Content Crossroads & Distribution Junction
According to a survey reported in the August 2006 issue of
Book Business, 58 percent of book publishing industry executives who responded said they feel that book search tools have a positive impact on the industry. Twenty-seven percent were unsure, 9 percent said they have a negative impact, and 7 percent said they have no impact.
As more books are published every year, it becomes harder for readers to find what they are looking for. “This doesn’t mean they’ll be reading these books online, but they’ll be finding them there,” Turvey says. “We don’t believe that the printed book will ever be totally replaced by electronic digital publications.”

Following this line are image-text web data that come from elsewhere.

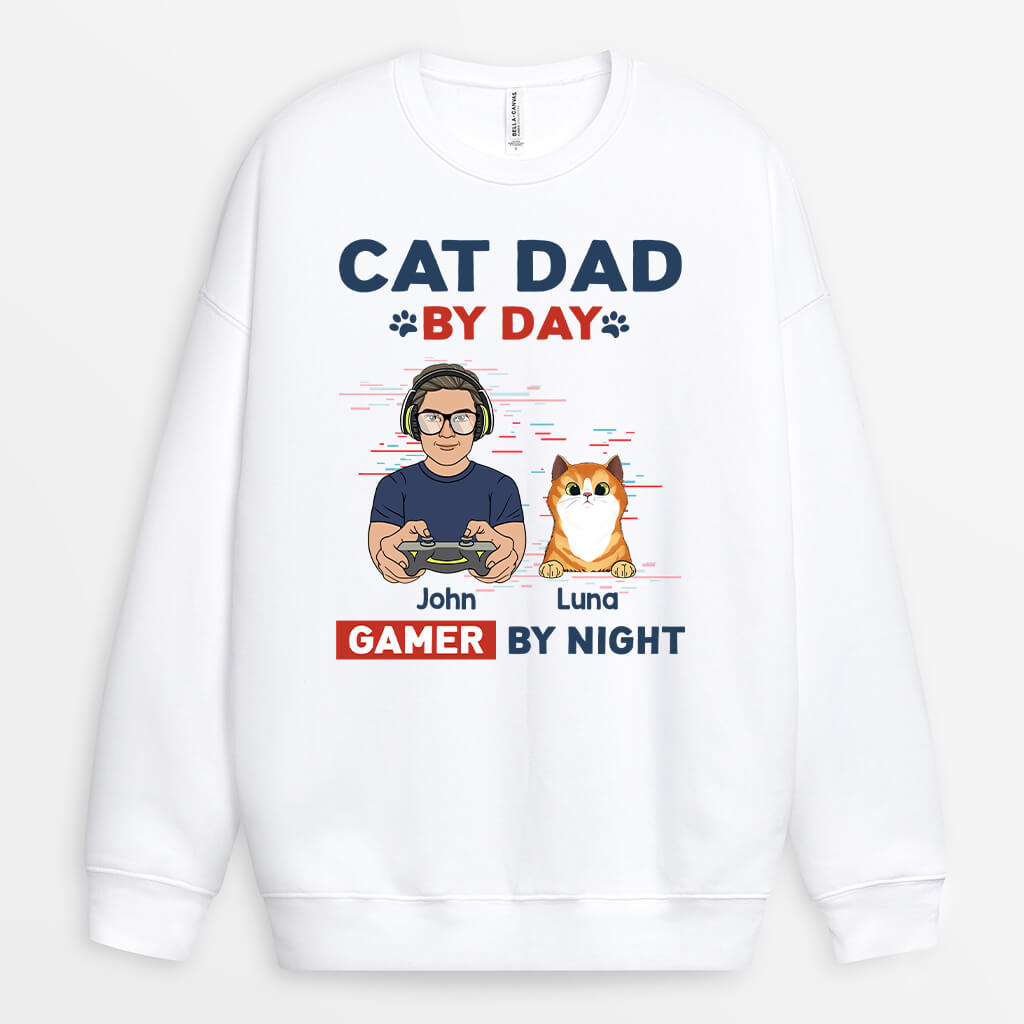 Personalized Cat Dad By Day Gamer By Night Sweatshirt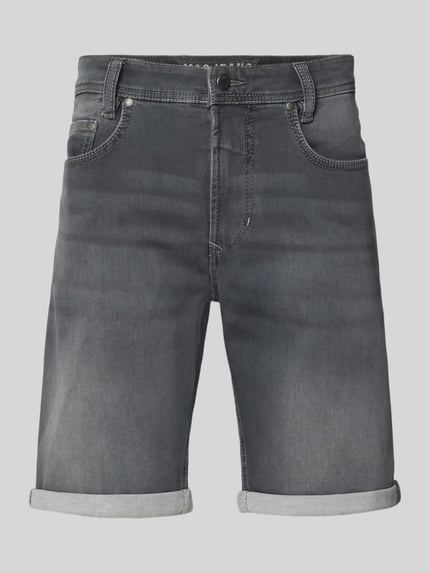 Produktfoto, Bermudas in Denim-Optik von MAC in Grau mit Used-Look, Eingrifftaschen, Umschlag, Regular-Fit, Bundweite 44 cm, Innenbeinlänge 25 cm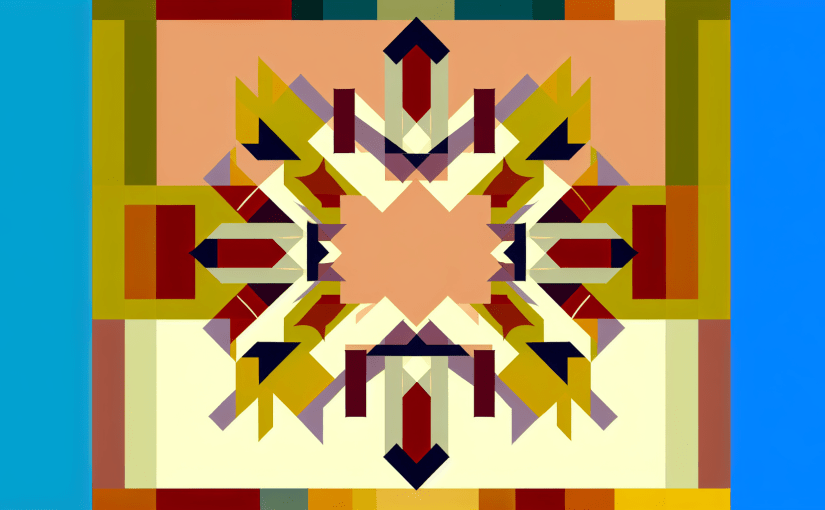 Abstract post image that is flat, clean, and evoke a sense of calm and warmth with art deco influences.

Schroeder believes that if people know what they want, digital publishing works. “I think distribution will change a lot, but when and how fast is a tough guess,” she says. “Our professional and scholarly publishers are into electronic and digital distribution big time. K-12 publishers are not into it. Many trade publishers are getting ready or are already able to do digital distribution.”
Schroeder remains cautious because even though the higher-education publishers produce almost all of their books electronically, and they are significantly cheaper than regular textbooks and being sold to a younger tech-savvy audience, they have not caught on.
“If the younger generation wants a hard-copy book, the digital revolution is probably going to happen when print-on-demand is available everywhere and is inexpensive,” she says.
According AAP research, e-books saw an increase in sales of 34.2 percent in October 2006 and a yearly increase of 26.2 percent as of mid-December.
“The economics of digital distribution are so much better you’d think publishers would be rushing toward it,” Gaynor says. “Instead, there’s the fear that books will become obsolete. It’s all part of valuing the content, then delivering it in whatever medium the customer wants.”